Parallelamente le docuserie crime vengono prodotte a un ritmo ancora più serrato, Making a Murderer diventa uno dei capostipiti della proliferazione di un genere che a partire da questo stratosferico successo di pubblico comincia a saturare sempre più l’offerta. E la fama raggiunta da Avery cambia necessariamente anche le carte in tavola della sua interminabile vicenda processuale: al suo caso si interessa Kathleen Zellner, nota avvocata che lavora per ribaltare sentenze ingiuste e che ha all’attivo decine di scarcerazioni. L’anziana madre di Avery le aveva scritto più di una volta, invano, quando il figlio non era ancora stato reso celebre dalla serie di Demos e Ricciardi.

È proprio Zellner la protagonista della seconda stagione di Making a Murderer, uscita alla fine del 2018, che segue i tentativi dell’avvocata di far ottenere al suo assistito un processo d’appello – a partire da nuove indagini sul caso che possano individuare un altro sospetto per la morte di Halbach – e quelli degli avvocati di Dassey di far riconoscere come estorta la confessione resa nel 2005 dal ragazzo oggi quasi trentenne.
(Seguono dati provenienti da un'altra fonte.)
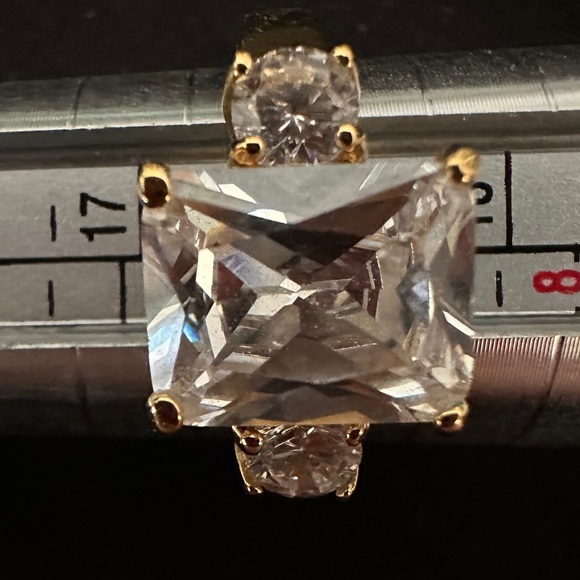 GET ENGAGED Emerald Cut Rectangular CZ 3 Stone Gold Ring Size 7 - Picture 3 of 8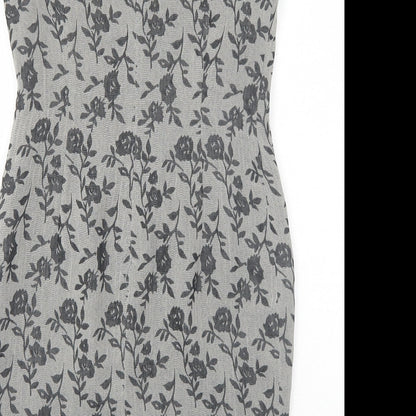 Planet Womens Grey Floral Polyester Pencil Dress Size 8 Boat Neck Zip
Figlia della necessità di sfruttare l’onda lunga dell’interesse globale nei confronti dei due detenuti, la seconda stagione non si concede l’ampio arco di tempo per seguire lo sviluppo degli eventi che caratterizzava la prima: documenta appena tre anni di una vicenda giudiziaria che nel frattempo riceve, in ogni suo sviluppo, una vasta copertura mediatica.
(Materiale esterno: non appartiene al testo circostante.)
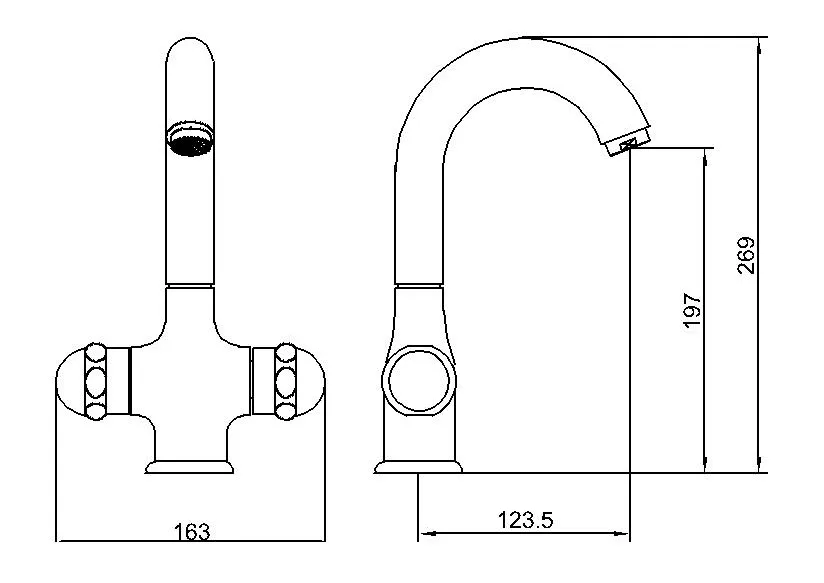 Long Neck Round Zinc Handle Fog Plated Kitchen Faucet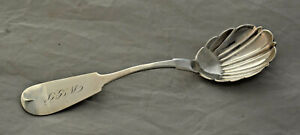 Antique Sterling Silver Fiddle Shell Sugar Spoon Hotchkiss Schreuder Ny Monogram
Più che del caso di Steven e Brendan si fa testimone del circo perverso che ha messo in moto, a partire dal breve fidanzamento di Avery con una sua «ammiratrice» che se ne serve per fare un tour dei talk show statunitensi. Nel cortocircuito fra racconto degli eventi e realtà, anche il documentario a puntate resta vittima del suo successo, imprigionato in un’adesione quasi in tempo reale agli eventi resa necessaria dalla struttura seriale e dal fatto che, a differenza del 2015, ora tutti conoscono Brendan e Steven. Un cortocircuito in cui è intrappolata la stessa vicenda giudiziaria, che se certo non è diventata il «processo del secolo» a O.J. Simpson pure procede in un clima di frenesia mediatica. Nonostante le battaglie dei loro legali, Avery e Dassey rimangono in prigione. La partita resta però aperta – e prelude naturalmente a una terza stagione: due mesi fa Zellner è riuscita a ottenere un riesame del caso.